# WHAT YOU SHOULD DO
Retype, word for word, the line holding "Honda Integra DC5 (low-poly) 3D Model" and each line after it down to the end of the data; pictures are not copied.

<<<<

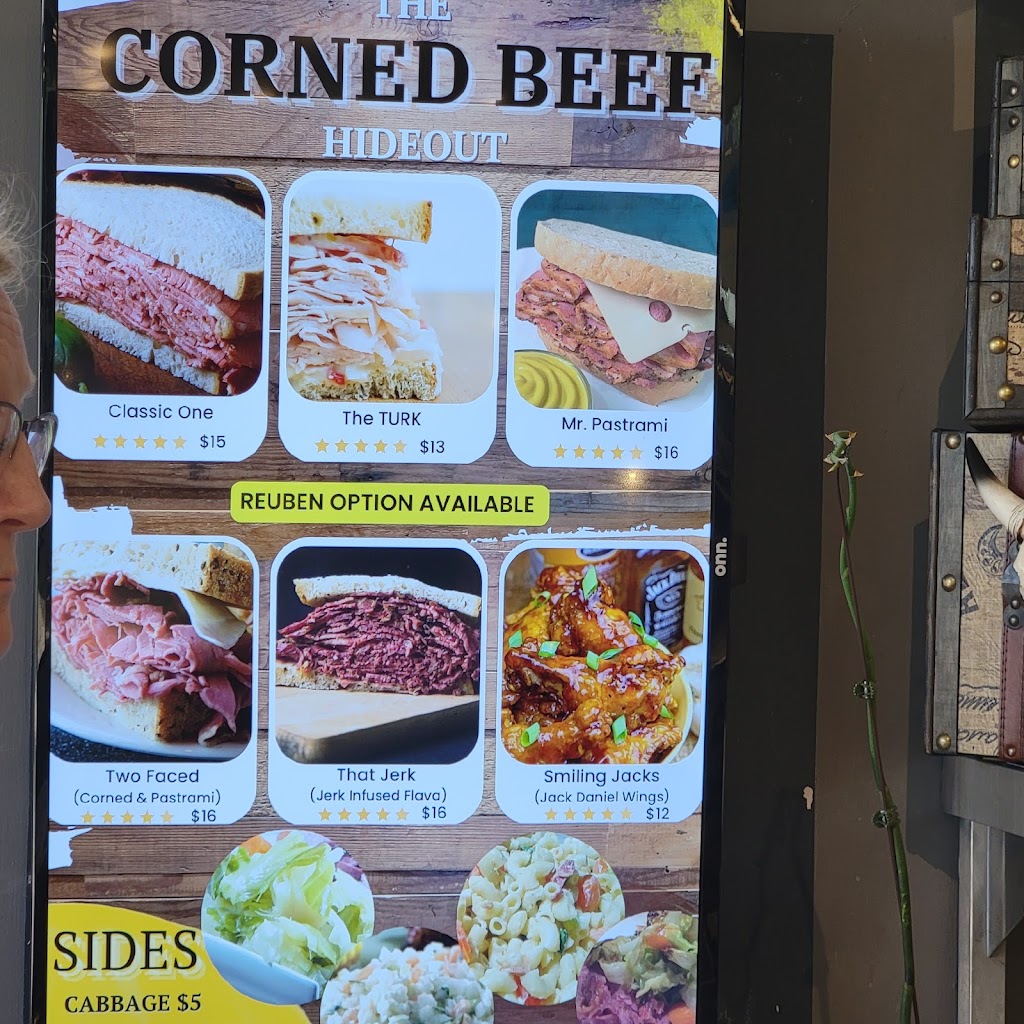 THE CORNED BEEF HIDEOUT | restaurant | 175 Highpoint Dr, Romeoville, IL 60446, USA | 8154150000 OR +1 815-415-0000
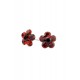 Cercei Round Stones Chaton Flower Ss24, Model 343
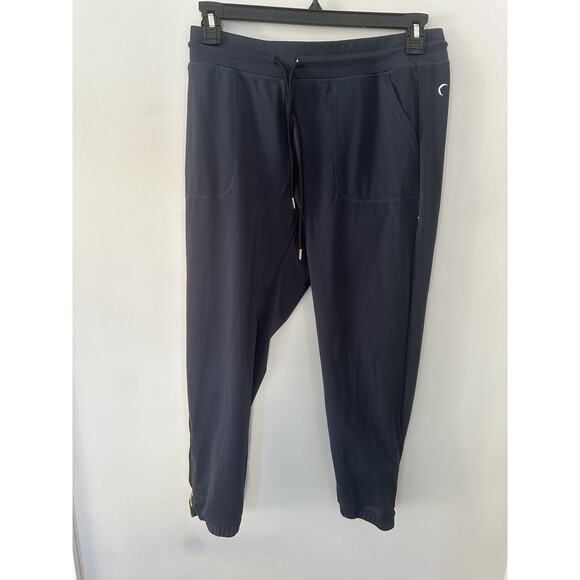 Zyia Active Peak Womens Large Ankle Zip Joggers Navy Blue - Picture 1 of 12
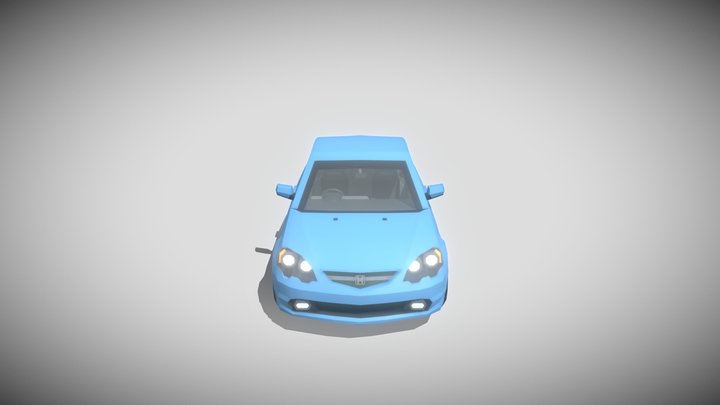 Honda Integra DC5 (low-poly) 3D Model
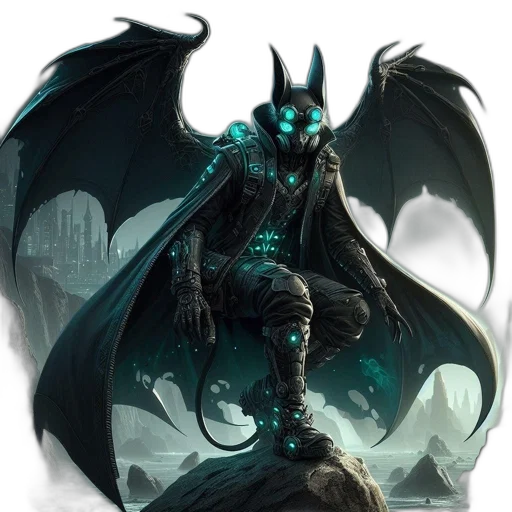 dragon, creature, mask, fantasy art, concept art, comic book art, pixel art, dark transparent PNG cut-out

>>>>

# WRITTEN REPLY
 Honda Integra DC5 (low-poly) 3D Model
 dragon, creature, mask, fantasy art, concept art, comic book art, pixel art, dark transparent PNG cut-out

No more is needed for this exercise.